Philosophy
What we believe.
For us, financial markets are neither fully efficient nor clearly inefficient. We believe that, due to these market inefficiencies, risk premiums can be targeted and identified through sophisticated investment strategies – given the opportunity-risk ratio is consistent with our risk predisposition.
To prosper from market inefficiencies and subsequent risk premiums in a sustainable manner is not easy. It requires a disciplined approach and detailed analysis to ensure the correct strategy is selected. Furthermore, the strategy implementation requires employees with the right set of competencies and skills. Thus the focus of Pinechip Capital is on the intensive use of diversified investment strategies, both traditional and alternative. We combine these in carefully selected and varied strategy portfolios – one comprehensive market portfolio and further subordinate portfolios.
Don’t strive to outperform markets, rather allow them to underperform.
We aim to generate stable returns during all market phases, having given due consideration to the potential risk, rather than focusing on outperforming market indices.
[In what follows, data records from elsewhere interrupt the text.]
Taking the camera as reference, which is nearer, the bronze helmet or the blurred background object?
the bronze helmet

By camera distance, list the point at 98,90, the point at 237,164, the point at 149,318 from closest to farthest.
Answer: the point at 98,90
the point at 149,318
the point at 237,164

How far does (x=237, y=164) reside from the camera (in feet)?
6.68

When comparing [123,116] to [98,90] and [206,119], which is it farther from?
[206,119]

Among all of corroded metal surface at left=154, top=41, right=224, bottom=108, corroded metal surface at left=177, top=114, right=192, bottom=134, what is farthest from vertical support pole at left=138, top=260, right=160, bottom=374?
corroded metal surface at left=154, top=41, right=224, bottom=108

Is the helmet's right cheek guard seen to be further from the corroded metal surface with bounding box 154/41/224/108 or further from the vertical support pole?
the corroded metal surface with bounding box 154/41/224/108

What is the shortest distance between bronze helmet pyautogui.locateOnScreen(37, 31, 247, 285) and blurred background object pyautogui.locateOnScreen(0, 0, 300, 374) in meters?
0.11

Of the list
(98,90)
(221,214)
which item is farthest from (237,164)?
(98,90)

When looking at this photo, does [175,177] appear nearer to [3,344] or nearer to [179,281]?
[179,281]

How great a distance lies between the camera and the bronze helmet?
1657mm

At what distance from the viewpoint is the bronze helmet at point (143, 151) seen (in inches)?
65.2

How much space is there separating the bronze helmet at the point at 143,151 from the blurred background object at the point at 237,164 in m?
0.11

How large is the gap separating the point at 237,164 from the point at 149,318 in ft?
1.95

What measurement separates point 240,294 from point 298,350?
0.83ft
The quality of a portfolio is revealed particularly during periods of severe downturn in capital markets when risks materialize throughout various segments and regions.
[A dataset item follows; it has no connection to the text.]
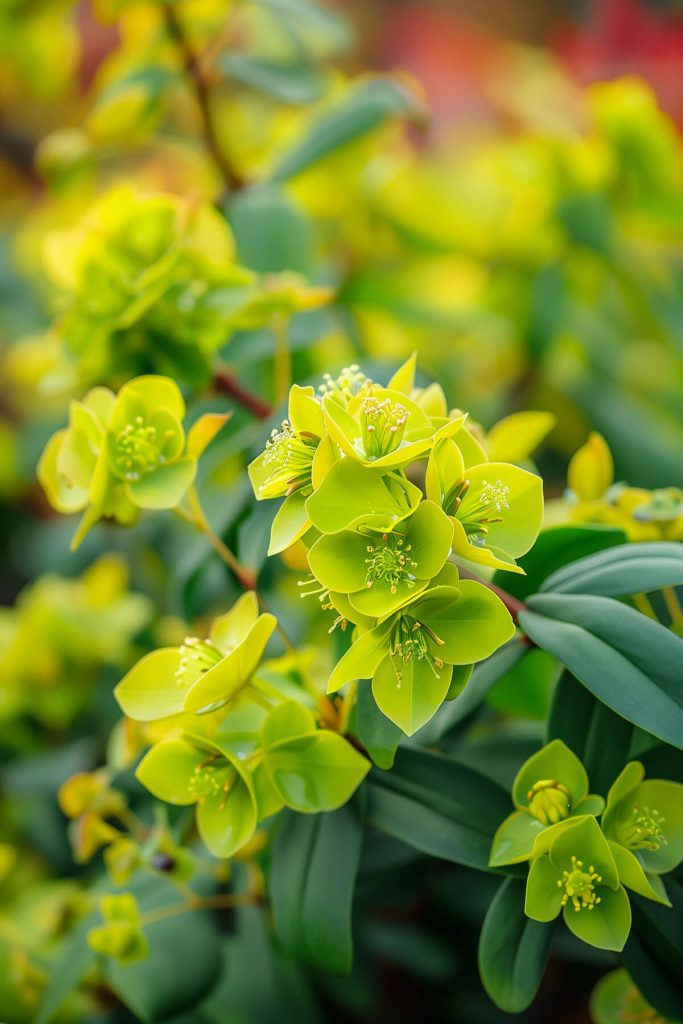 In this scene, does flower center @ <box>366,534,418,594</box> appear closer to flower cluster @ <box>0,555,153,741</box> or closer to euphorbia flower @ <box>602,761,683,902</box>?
euphorbia flower @ <box>602,761,683,902</box>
Risks can kill you. Expected returns are the reward for survivors.
Focusing on achieving returns on highly risky assets, especially in favourable market periods, is not complete proof of investment expertise. In contrast, successfully generating continuous stable returns with manageable risk reflects attractively. As a result, we favour a portfolio with a balanced risk return rather than portfolios with variable fluctuations in their performance.
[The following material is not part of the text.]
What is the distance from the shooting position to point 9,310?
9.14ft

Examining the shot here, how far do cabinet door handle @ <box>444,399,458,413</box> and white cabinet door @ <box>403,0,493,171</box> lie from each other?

Markets are efficiently inefficient, definitely.
Relatively functional capital markets offer three ways to generate sustainable returns: (i) by attracting risk premiums across asset classes such as stocks and bonds (Beta); (ii) by the utilisation of commonly existing market anomalies (Alternative Beta); (iii) by exemplary individual and/or institutional skills or knowledge (Alpha). The true value of a portfolio lies in the diversification, giving independence from the most dominant risk exposures, such as the deviation of the stock markets. We believe that the success of a portfolio arises from the combination of excellent strategies and their precise implementation owing to excellent structures and processes. Portfolio construction and portfolio risk management are of crucial importance: they contribute to taking the right path and avoiding decisive errors.
Competence isn’t innate, it’s much rather the pay-off of hard work.
Successful investment requires intellectual capabilities and discipline. Slight oversight in the implementation may result in the failure to capitalize on potential opportunities. We consider it essential to continuously analyse our investment strategies and operational processes, independent of realised results. We are prepared to challenge everything, and to consider each success and failure as a learning opportunity. The feasible method of resolution for investment issues can only be found by disassembling the problem into individual components, developing solutions for each stage before then integrating these into an appropriate overall solution.